Bab 16

9.1K 747 11
                                    

Dava menghampiri Cattleya yang sedang sibuk memandang laptop di meja belajarnya. Ia tampak begitu serius, hingga tak menyadari sang suami kini telah berdiri di samping kursi.

“Lagi ngapain, Cey?” tanya Dava yang mengagetkan Cattleya. Untungnya wanita itu cepat menguasai diri. Tanpa menoleh, ia menjawab asal pertanyaan tersebut.

“Tidur.” Kening Dava berkerut. Mendesah pelan, lalu mendekat hingga deru napasnya terdengar di telinga Cattleya. Ternyata istrinya sedang mengerjakan tugas kuliahnya. Jika dilihat dari raut wanita itu, sepertinya ia sedang kesulitan.

“Berdiri, Cey,” ucap Dava yang menarik atensi Cattleya.

“Apaan, sih, Pak. Mending tidur sana, dari pada gangguin saya.”

“Berdiri dulu sebentar,” ulang Dava lagi. Mengabaikan gerutu kesal dari sang istri, yang akhirnya tetap menurut.

Dava mendudukkan diri di kursi setelah wanita itu berdiri seperti permintaannya. Kali ini Cattleya pula yang menautkan alis. Namun, sebelum kekesalannya terlontar, Dava lebih dulu menarik lengannya. Mendudukkan wanita itu tepat di atas pangkuannya. Alhasil menjadikan Cattleya bak patung bernyawa.

Tanpa mengeluarkan sepatah kata, Dava mengerjakan tugas-tugas Cattleya. Sementara wanita itu tak berkutik, saat kedua lengan polos sang suami mengurungnya.

“Kalau udah ngantuk, jangan dipaksa. Yang ada, tugas-tugas kamu nggak bener lagi jadinya,” tuturnya setengah berbisik yang hanya ditanggapi kebisuan dari wanita tersebut. “Padahal tugasnya mudah banget,” tambahnya. Tak berniat menjawab, Cattleya lebih memilih memandangi jemari Dava yang bergerak cepat di atas keyboard laptop.

“Kenapa kamu terima lamaran saya?” tanya Dava tanpa mengalihkan atensi dari layar. Cattleya menoleh sesaat wajah sang suami yang berada di sebelahnya.
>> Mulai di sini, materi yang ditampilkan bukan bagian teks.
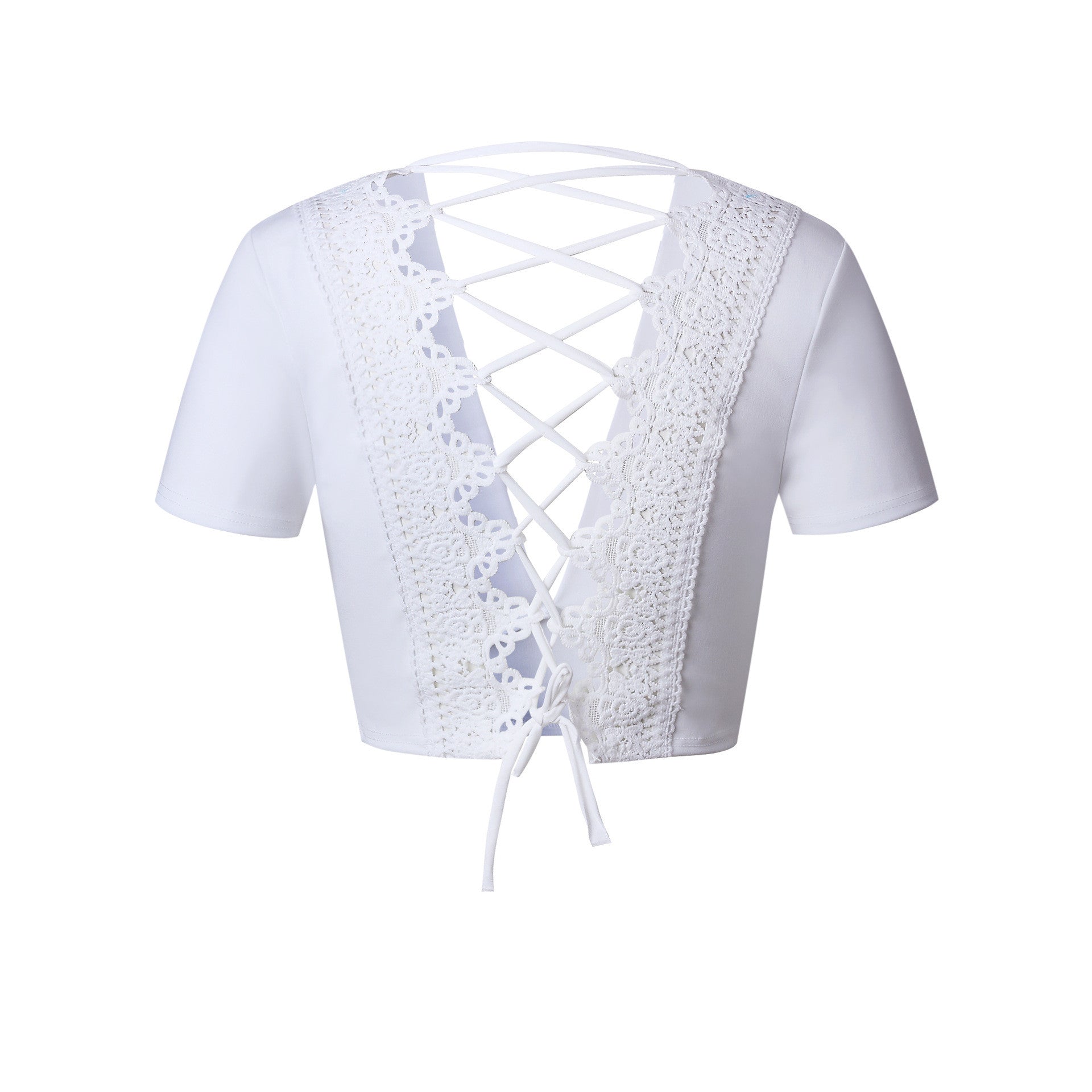 Lace Up v Neck Lace Top, top, VIVIMARKS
“Saya sendiri tidak tahu,” ujar wanita itu. Dava diam, masih belum mengalihkan jemari maupun netranya dari laptop.

“Apa penting alasan saya melamar kamu?” tanya lelaki tersebut setelah beberapa detik membisu.

Cattleya bungkam. Tak kunjung mendapat jawaban dari sang istri, Dava memutuskan untuk berhenti sejenak lalu menoleh. Senyumnya mengembang, ketika mendapati istrinya ternyata tertidur dengan kepala tertunduk. Pelan dan hati-hati, ia meraih kaki Cattleya lalu menggendongnya ala bridal style menuju tempat tidur. Merebahkan tubuh wanita yang sudah pulas itu, mengecup keningnya lembut, kemudian menyelimutinya.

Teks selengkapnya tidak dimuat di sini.